Ireland votes on Europe treaty

  • 12 years ago
It's the third time in four years Ireland has voted on Europe but this is a first.

It's putting Europe's new fiscal treaty to the test.

The EU pact sets out strict rules for euro zone government spending. It also outlines who can receive bailouts and how.

Early polls point to an Irish yes - that would ease worries about the country's funding prospects and save Europe another headache.

Tom Vosa, of National Australia Bank, says Ireland begrudgingly accepts it may need to seek more funds from Europe.
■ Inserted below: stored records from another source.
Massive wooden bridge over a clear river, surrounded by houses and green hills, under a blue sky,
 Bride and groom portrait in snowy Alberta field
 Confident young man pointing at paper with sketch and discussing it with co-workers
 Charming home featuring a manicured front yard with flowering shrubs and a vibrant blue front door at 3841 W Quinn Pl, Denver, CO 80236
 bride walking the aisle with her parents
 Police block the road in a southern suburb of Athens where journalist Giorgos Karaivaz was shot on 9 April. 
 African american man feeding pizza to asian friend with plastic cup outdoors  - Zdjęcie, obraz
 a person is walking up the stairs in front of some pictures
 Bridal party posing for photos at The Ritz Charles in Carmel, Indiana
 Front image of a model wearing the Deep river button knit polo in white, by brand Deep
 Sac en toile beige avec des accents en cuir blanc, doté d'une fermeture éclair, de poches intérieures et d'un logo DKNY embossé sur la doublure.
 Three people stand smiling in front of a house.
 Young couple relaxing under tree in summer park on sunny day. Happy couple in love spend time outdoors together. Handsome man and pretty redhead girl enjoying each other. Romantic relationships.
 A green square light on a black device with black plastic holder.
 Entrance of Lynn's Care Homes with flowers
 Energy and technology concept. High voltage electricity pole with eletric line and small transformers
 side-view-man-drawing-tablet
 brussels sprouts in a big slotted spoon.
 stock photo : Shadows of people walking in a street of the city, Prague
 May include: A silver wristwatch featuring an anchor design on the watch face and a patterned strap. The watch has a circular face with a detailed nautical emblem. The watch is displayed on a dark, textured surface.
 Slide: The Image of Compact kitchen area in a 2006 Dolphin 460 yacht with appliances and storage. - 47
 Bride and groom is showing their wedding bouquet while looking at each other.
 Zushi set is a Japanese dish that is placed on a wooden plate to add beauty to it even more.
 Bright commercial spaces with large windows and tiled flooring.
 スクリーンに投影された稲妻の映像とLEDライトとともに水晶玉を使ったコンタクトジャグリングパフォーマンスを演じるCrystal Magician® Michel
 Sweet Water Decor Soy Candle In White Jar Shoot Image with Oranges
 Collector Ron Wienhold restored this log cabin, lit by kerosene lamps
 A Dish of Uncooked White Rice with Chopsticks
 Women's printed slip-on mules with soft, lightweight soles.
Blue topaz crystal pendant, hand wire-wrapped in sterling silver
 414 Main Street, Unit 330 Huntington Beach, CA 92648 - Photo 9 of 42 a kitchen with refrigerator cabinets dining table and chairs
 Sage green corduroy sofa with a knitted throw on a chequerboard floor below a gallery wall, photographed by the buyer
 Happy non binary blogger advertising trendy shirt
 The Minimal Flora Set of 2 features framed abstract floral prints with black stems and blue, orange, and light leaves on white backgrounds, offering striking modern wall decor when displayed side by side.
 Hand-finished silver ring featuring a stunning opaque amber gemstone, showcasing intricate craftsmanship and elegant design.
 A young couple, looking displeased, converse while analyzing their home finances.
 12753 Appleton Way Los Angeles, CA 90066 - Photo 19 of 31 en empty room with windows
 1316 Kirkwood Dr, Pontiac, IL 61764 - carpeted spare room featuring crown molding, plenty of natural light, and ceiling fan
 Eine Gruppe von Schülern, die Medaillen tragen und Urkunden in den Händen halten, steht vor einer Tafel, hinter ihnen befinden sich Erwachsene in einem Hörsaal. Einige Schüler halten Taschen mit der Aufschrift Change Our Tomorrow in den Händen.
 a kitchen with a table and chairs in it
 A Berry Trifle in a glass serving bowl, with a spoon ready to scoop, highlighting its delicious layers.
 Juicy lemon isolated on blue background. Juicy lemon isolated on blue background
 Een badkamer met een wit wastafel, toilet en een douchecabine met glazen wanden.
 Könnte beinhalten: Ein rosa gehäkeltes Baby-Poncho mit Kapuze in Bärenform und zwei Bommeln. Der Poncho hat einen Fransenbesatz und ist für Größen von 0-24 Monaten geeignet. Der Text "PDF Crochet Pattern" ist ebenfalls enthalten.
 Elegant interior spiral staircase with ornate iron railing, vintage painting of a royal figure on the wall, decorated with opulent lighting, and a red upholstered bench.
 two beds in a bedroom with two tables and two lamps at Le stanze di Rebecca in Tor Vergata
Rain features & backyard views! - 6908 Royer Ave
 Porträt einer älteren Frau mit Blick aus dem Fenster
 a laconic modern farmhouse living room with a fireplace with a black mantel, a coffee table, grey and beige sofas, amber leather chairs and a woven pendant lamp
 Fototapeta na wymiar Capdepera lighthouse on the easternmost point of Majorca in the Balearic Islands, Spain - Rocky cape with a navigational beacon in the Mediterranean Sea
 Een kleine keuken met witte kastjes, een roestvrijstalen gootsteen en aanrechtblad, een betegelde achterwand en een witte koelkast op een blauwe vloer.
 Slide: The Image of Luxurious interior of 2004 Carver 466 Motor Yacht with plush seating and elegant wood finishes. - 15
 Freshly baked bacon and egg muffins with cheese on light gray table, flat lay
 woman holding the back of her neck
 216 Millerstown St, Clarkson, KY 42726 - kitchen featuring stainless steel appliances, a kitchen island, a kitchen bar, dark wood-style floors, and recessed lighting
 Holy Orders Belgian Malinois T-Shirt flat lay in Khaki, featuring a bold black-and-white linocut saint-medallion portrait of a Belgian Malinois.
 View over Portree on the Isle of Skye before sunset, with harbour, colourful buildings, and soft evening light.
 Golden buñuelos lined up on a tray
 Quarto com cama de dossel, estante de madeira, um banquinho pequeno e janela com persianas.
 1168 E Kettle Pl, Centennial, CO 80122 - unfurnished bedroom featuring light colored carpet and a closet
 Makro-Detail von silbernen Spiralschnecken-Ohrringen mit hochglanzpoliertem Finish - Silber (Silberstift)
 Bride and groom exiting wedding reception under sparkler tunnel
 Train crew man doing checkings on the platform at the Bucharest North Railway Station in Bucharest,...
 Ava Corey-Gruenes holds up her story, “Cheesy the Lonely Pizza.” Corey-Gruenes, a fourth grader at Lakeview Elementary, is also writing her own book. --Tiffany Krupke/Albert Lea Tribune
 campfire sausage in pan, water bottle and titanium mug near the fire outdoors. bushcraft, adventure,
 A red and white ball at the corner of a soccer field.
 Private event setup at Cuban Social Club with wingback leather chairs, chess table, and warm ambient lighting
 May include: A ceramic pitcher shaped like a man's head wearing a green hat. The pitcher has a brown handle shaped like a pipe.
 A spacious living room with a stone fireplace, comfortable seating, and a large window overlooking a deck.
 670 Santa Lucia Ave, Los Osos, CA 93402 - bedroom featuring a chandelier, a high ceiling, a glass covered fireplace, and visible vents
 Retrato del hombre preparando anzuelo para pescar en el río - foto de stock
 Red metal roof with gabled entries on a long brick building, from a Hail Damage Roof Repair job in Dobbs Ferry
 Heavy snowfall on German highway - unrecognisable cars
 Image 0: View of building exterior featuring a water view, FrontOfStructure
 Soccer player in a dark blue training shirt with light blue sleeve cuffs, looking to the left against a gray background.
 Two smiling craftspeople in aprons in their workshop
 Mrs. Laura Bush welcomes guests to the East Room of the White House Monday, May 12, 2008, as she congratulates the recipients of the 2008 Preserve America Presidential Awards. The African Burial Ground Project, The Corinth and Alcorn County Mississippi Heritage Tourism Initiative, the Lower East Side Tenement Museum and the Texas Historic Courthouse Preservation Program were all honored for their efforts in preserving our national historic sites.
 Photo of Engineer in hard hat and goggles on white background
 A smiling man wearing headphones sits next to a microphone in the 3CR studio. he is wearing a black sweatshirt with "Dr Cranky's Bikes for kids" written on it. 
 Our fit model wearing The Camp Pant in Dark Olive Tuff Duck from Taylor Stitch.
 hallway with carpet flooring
(SOUNDBITE) (English) TOM VOSA, HEAD OF MARKET ECONOMICS, NATIONAL AUSTRALIA BANK, SAYING:

"If we get a no vote? Well then Ireland can't basically get funding from the ESM which replaces the EFSF from July this year, so if they do need additional funding, if markets remained closed, then they would have to come up with essentially another deal, they would certainly have to agree to live by the fiscal compact, so essentially the referendum choice perhaps goes by that stage."

Ireland attracted many foreign companies to Dublin by offering low corporation tax and a cheap workforce.

But like Spain a property boom in the mid 2000s led to a financial and banking crisis.

Dublin was given an 85 billion euro bailout by the EU and IMF in 2010.

Unlike Greece it dutifully accepted the austerity pill that went with it.

But now political chaos in Greece is threatening Ireland too.

Megan Greene is from Roubini Global Economics.

(SOUNDBITE) (English) MEGAN GREENE, ROUBINI GLOBAL ECONOMICS, SAYING:

"Ireland needs to think about it's position within Europe, especially as countries are going to be pulling out of the euro zone. And Ireland's entire growth model is reliant on multinational companies setting up their European headquarters in Dublin."

Four years ago Ireland shocked the rest of Europe by rejecting the Lisbon Treaty which was meant to bring the bloc closer together.

No rebellions are expected this time and this treaty isn't under threat - only 12 of the 17 euro zone members are needed to ratify it.

But a NO vote would worry investors.

Ireland's two-year borrowing costs rose above its 10 year bond yields for the first time in four months on fears of a rejection.